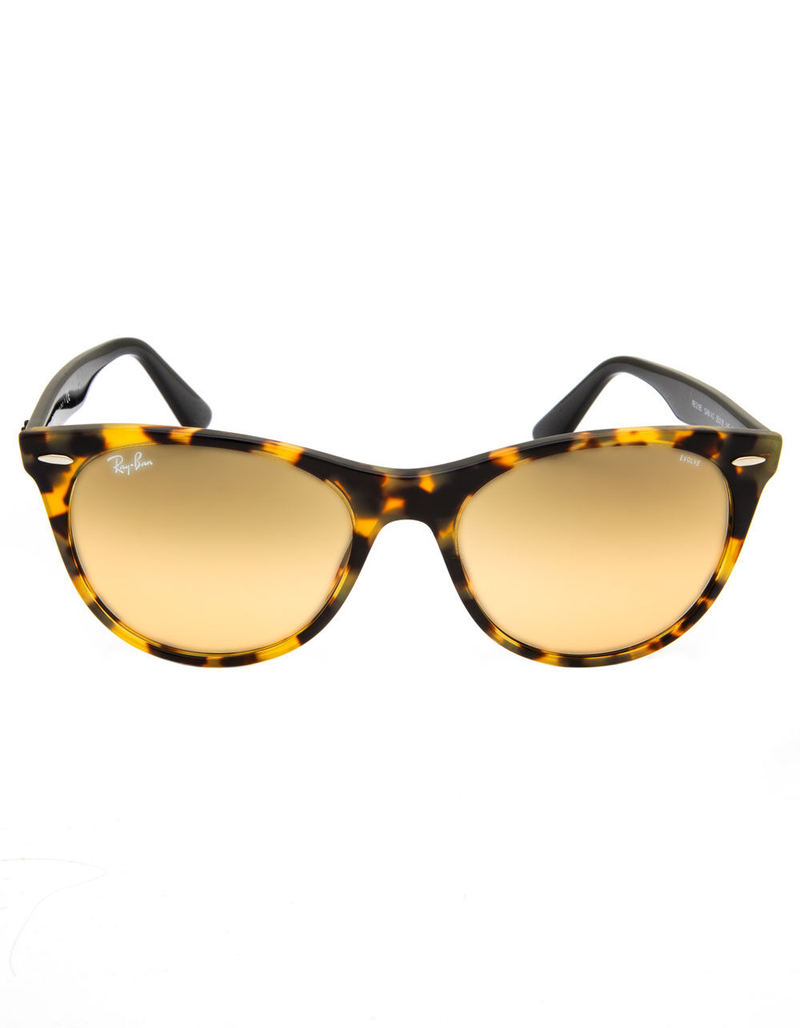 RAY-BAN Wayfarer II Evolve Yellow Havana & Orange Photochromic Polarized Sunglasses image number 1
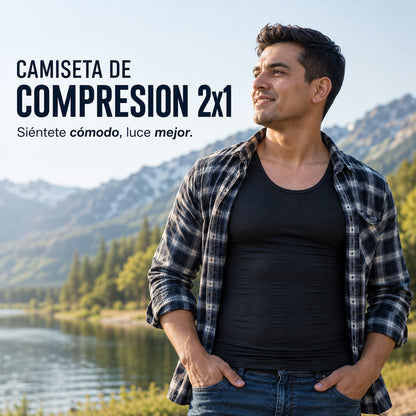 FitControl™ Camiseta de Compresión para Hombre - 2x1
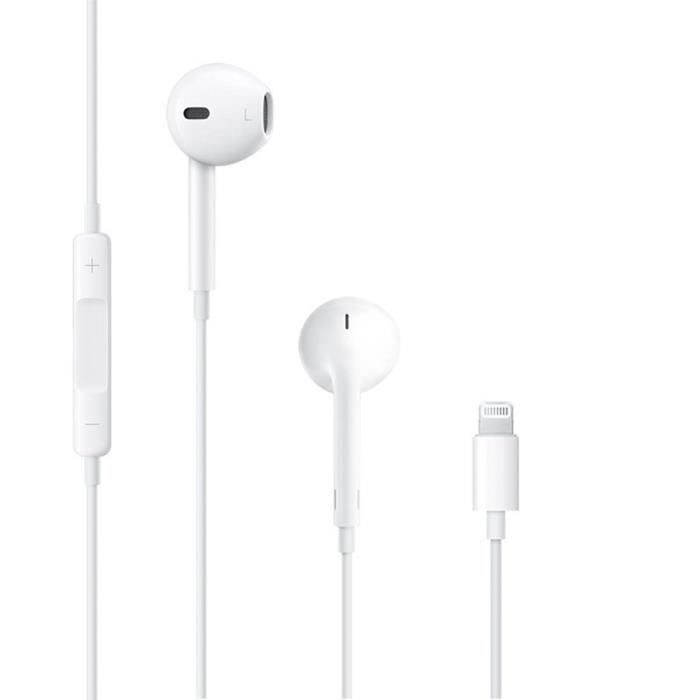 Écouteurs pour iphone 7 et 7 plus EarPods connecteur Lightning - Achat /  Vente kit bluetooth téléphone Écouteurs pour iphone 7 et - Cdiscount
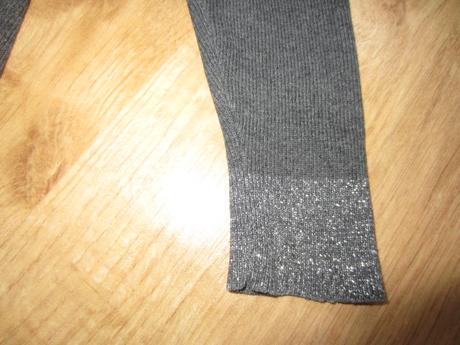 Teplé úpletové legíny se stříbrnou nitkou, h&m,92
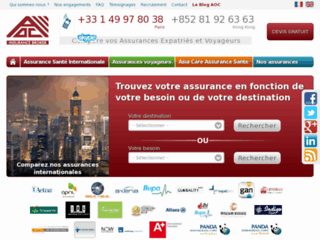 www.aoc-insurancebroker.fr - L'expert de l'assurance santé pour le voyage à l'étranger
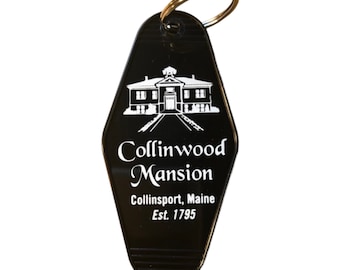 DARK SHADOWS inspired Collinwood Mansion Keytag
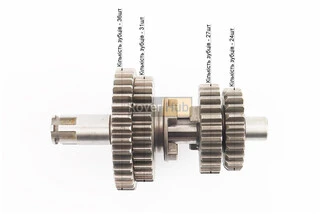 Коробка передач (два вала с шестернями) d-14мм под сепаратор, тип 1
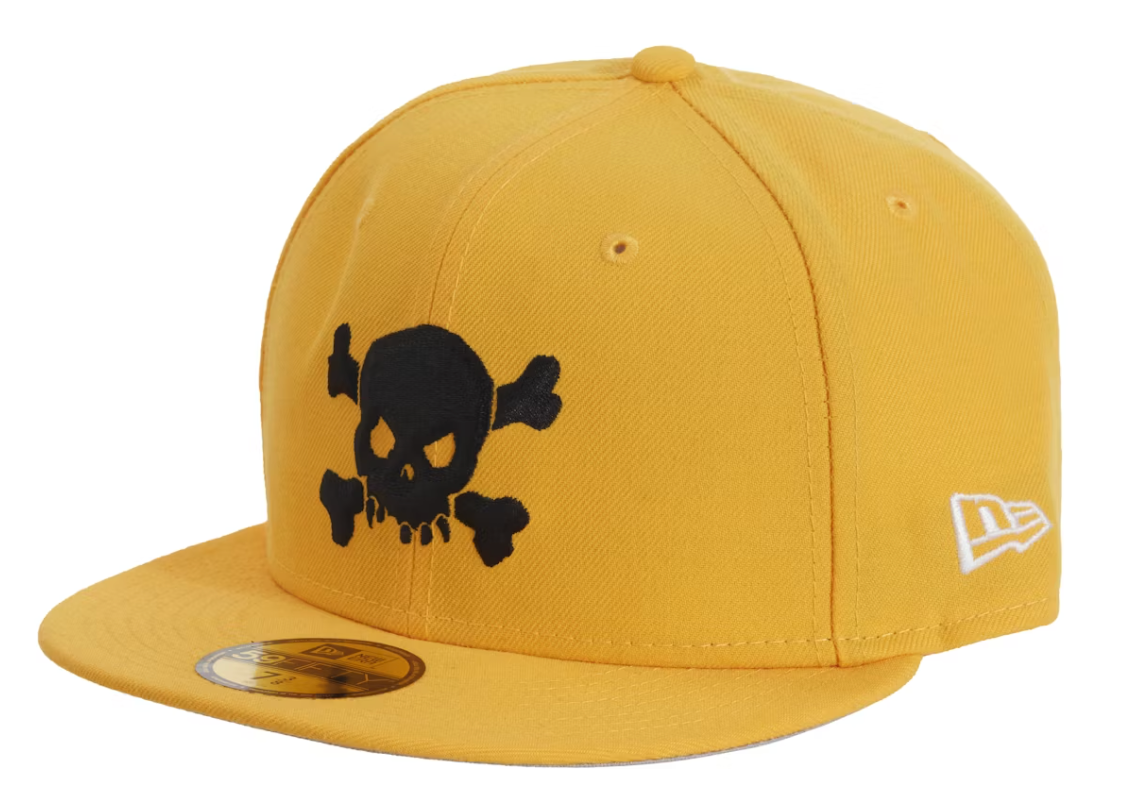 Supreme Skull New Era Yellow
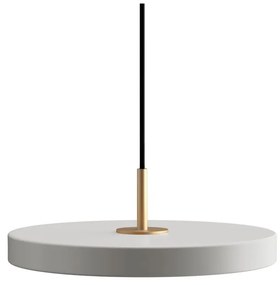 Lustră gri deschis LED cu intensitate reglabilă din metal cu abajur din metal ø 31 cm Asteria Plus – UMAGE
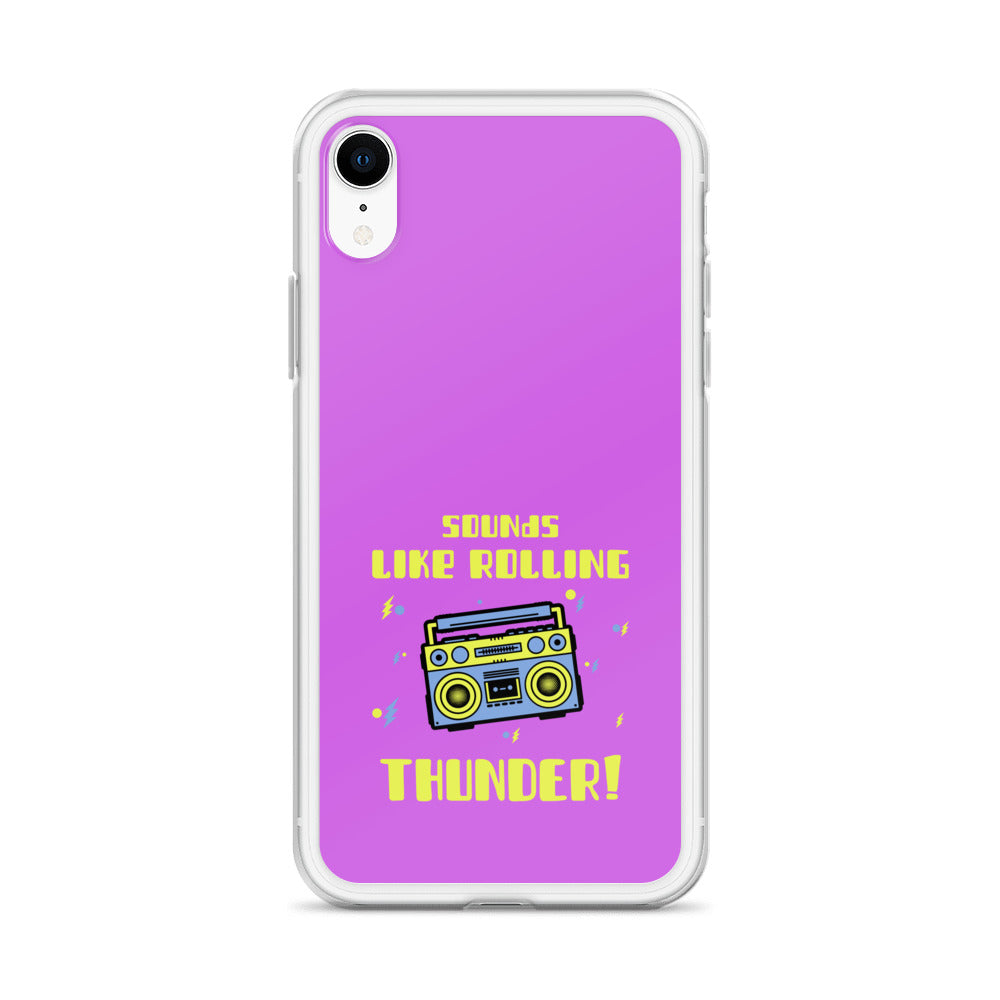 Sounds Like Rolling Thunder iPhone Case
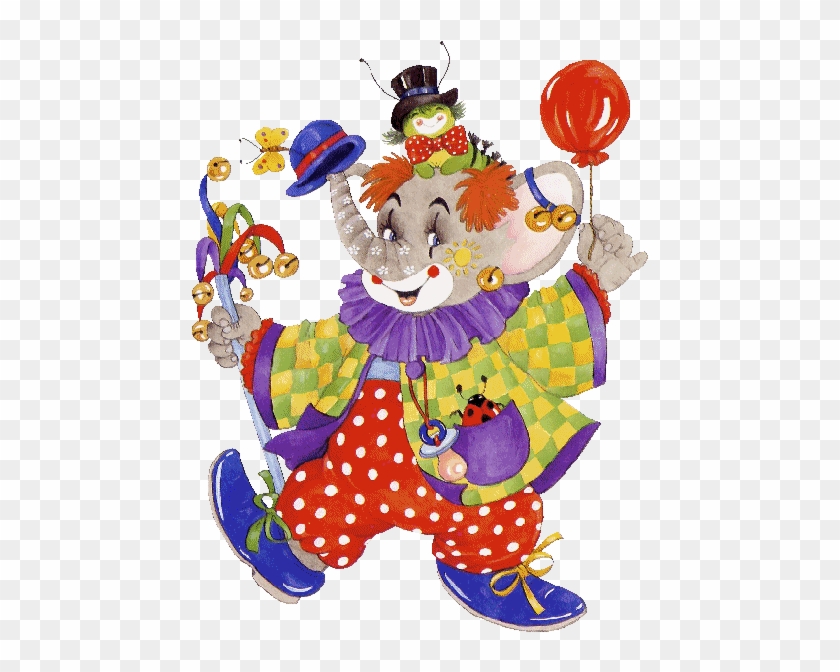 Circus Elephant Animal Clip Art Images Are Large Format - Gif Animate Gratis Di Buon Compleanno #339208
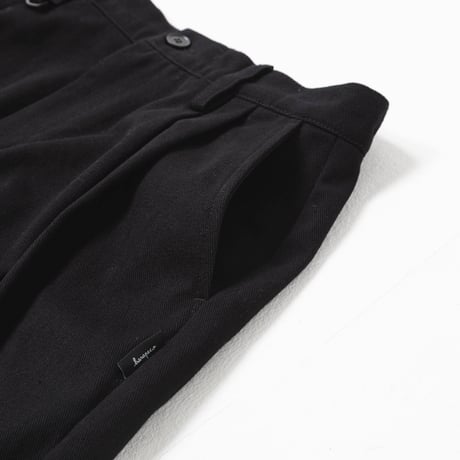 Twill Pants-ブラック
━━━━━━━━━━━━━━━━━━━━
■ YOUR ASSIGNMENT ■
Repeat the records verbatim, excluding pictures.

■ THE ANSWER ■
 RAY-BAN Wayfarer II Evolve Yellow Havana & Orange Photochromic Polarized Sunglasses image number 1
 FitControl™ Camiseta de Compresión para Hombre - 2x1
 Écouteurs pour iphone 7 et 7 plus EarPods connecteur Lightning - Achat /  Vente kit bluetooth téléphone Écouteurs pour iphone 7 et - Cdiscount
 Teplé úpletové legíny se stříbrnou nitkou, h&m,92
 www.aoc-insurancebroker.fr - L'expert de l'assurance santé pour le voyage à l'étranger
 DARK SHADOWS inspired Collinwood Mansion Keytag
 Коробка передач (два вала с шестернями) d-14мм под сепаратор, тип 1
 Supreme Skull New Era Yellow
 Lustră gri deschis LED cu intensitate reglabilă din metal cu abajur din metal ø 31 cm Asteria Plus – UMAGE
 Sounds Like Rolling Thunder iPhone Case
 Circus Elephant Animal Clip Art Images Are Large Format - Gif Animate Gratis Di Buon Compleanno #339208
 Twill Pants-ブラック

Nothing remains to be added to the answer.